• Captioned web image data:

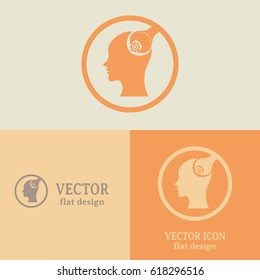 Business cards design. human head and a wrench with a nut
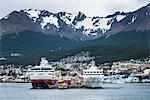 Antarctic cruise ships docked in Ushuaia, Tierra Del Fuego, Patagonia, Argentina, South America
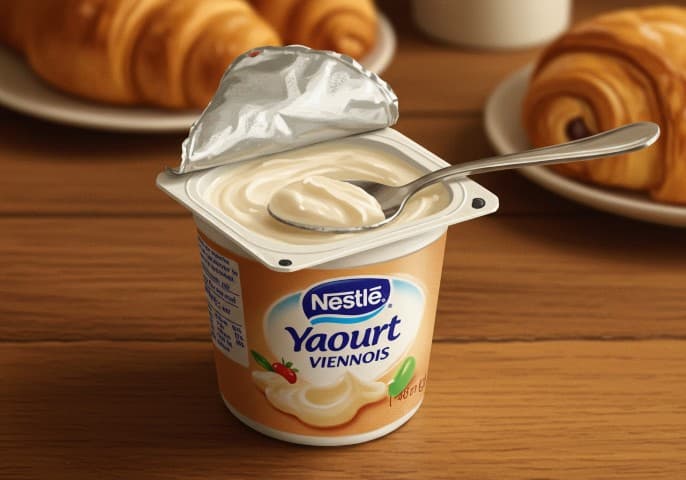 Pot de Yaourt Viennois Nestlé, texture onctueuse et crémeuse.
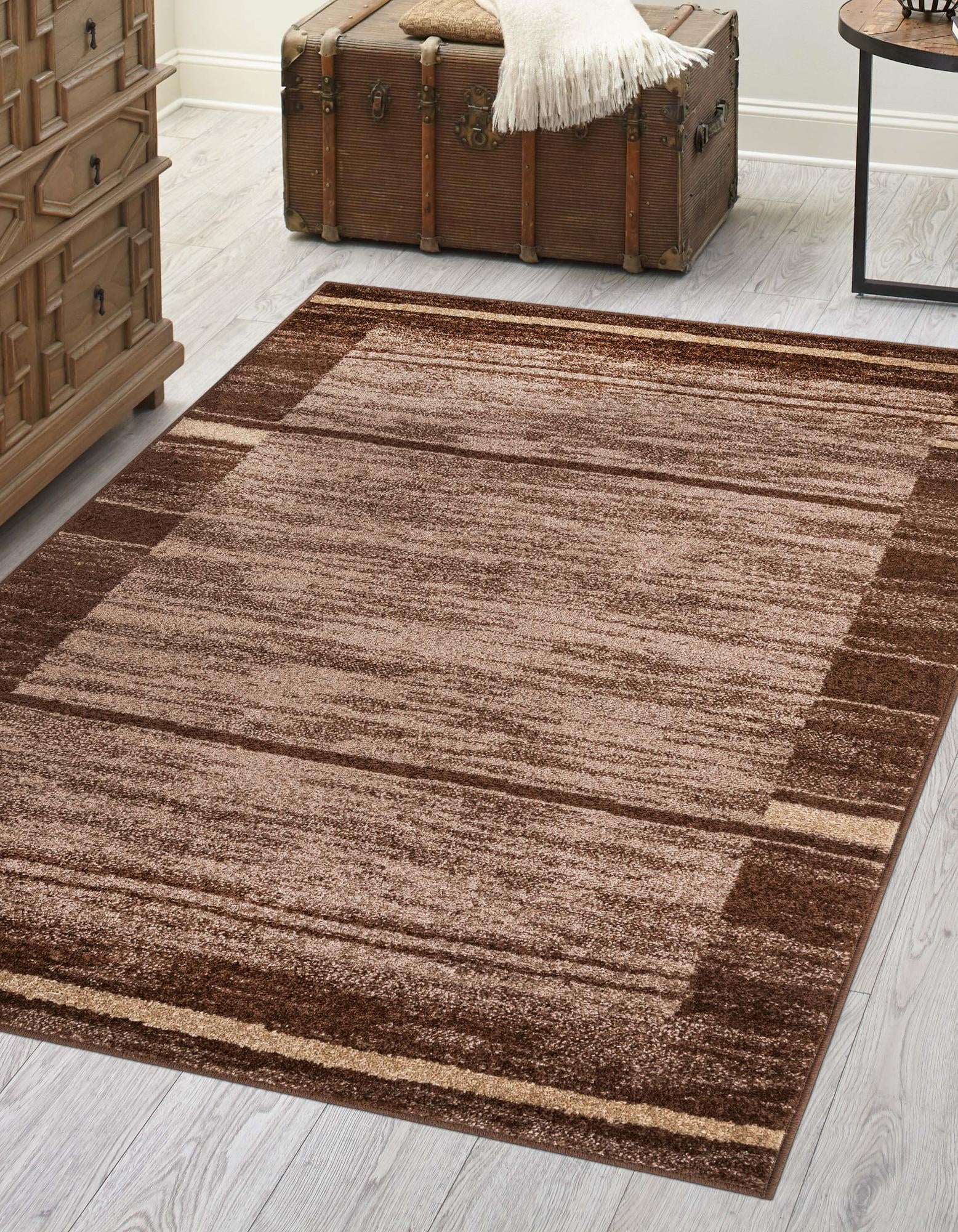 Unique Loom Foilage Autumn Rug Brown 9' 0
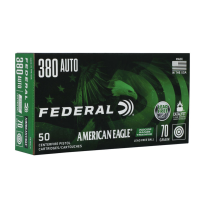 FEDERAL American Eagle Indoor Range Training .380 Auto 70Gr Lead Free 50rd Box Ammo (AE380LF1)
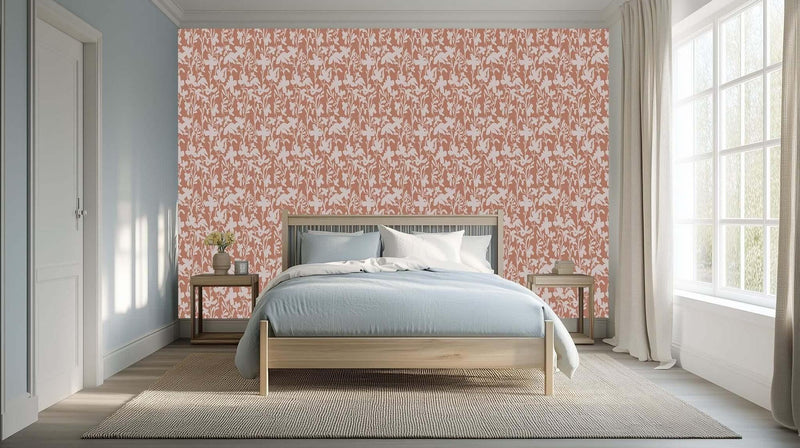 Terracotta Bloom Silhouette duvar kağıdı - XWALLX
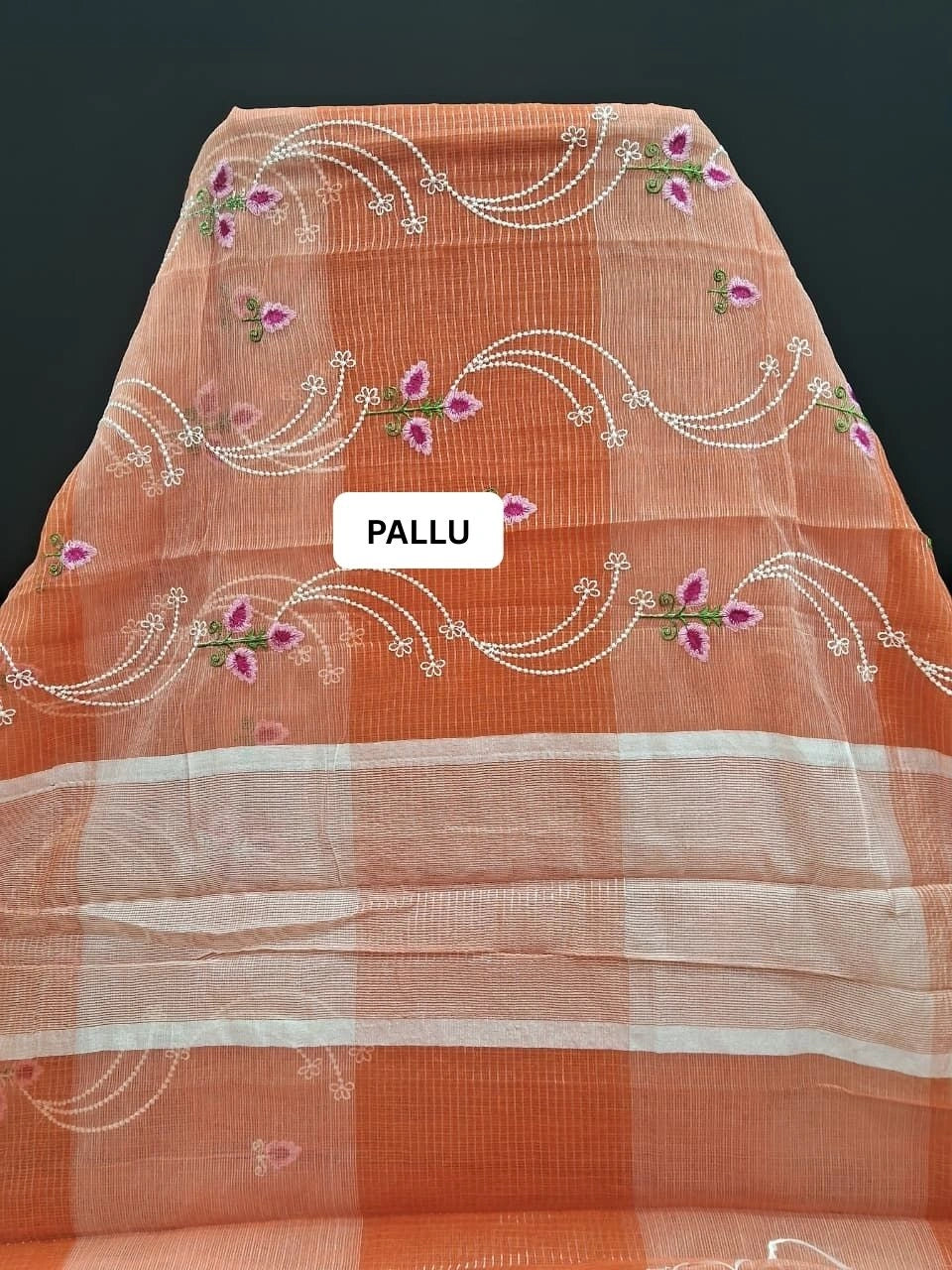 Peach and orange Kota Saree pallu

• Work request:
Retype the entries word for word. Omit any images.

• Answer section:
 Business cards design. human head and a wrench with a nut
 Antarctic cruise ships docked in Ushuaia, Tierra Del Fuego, Patagonia, Argentina, South America
 Pot de Yaourt Viennois Nestlé, texture onctueuse et crémeuse.
 Unique Loom Foilage Autumn Rug Brown 9' 0
 FEDERAL American Eagle Indoor Range Training .380 Auto 70Gr Lead Free 50rd Box Ammo (AE380LF1)
 Terracotta Bloom Silhouette duvar kağıdı - XWALLX
 Peach and orange Kota Saree pallu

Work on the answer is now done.